COLLECTED DATA:
┌──
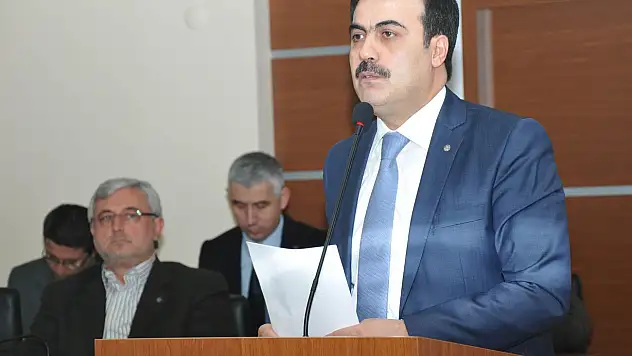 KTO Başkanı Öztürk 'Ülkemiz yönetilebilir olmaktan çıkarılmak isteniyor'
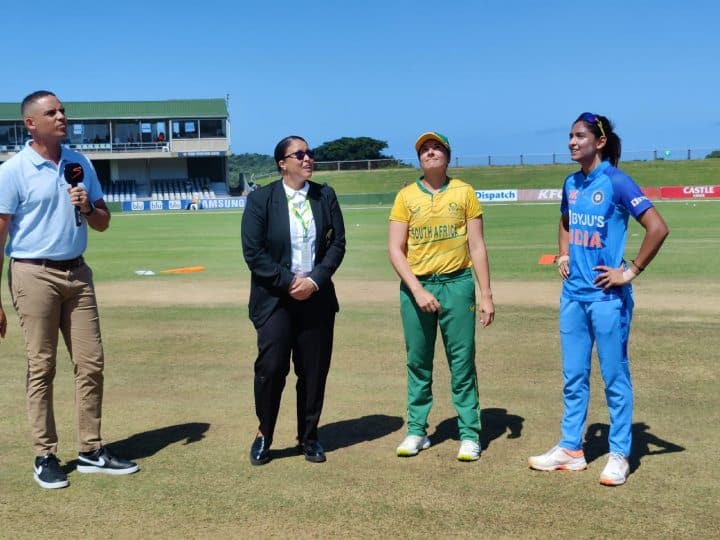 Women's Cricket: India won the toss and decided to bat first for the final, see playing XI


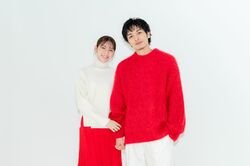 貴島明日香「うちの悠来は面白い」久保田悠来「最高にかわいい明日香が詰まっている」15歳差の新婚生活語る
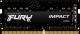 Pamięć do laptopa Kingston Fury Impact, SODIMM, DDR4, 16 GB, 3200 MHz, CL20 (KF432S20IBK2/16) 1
└──
THE TASK: Word for word, print the material above, but without its pictures.

REPLY TO THE EXERCISE:
 KTO Başkanı Öztürk 'Ülkemiz yönetilebilir olmaktan çıkarılmak isteniyor'
 Women's Cricket: India won the toss and decided to bat first for the final, see playing XI


 貴島明日香「うちの悠来は面白い」久保田悠来「最高にかわいい明日香が詰まっている」15歳差の新婚生活語る
 Pamięć do laptopa Kingston Fury Impact, SODIMM, DDR4, 16 GB, 3200 MHz, CL20 (KF432S20IBK2/16) 1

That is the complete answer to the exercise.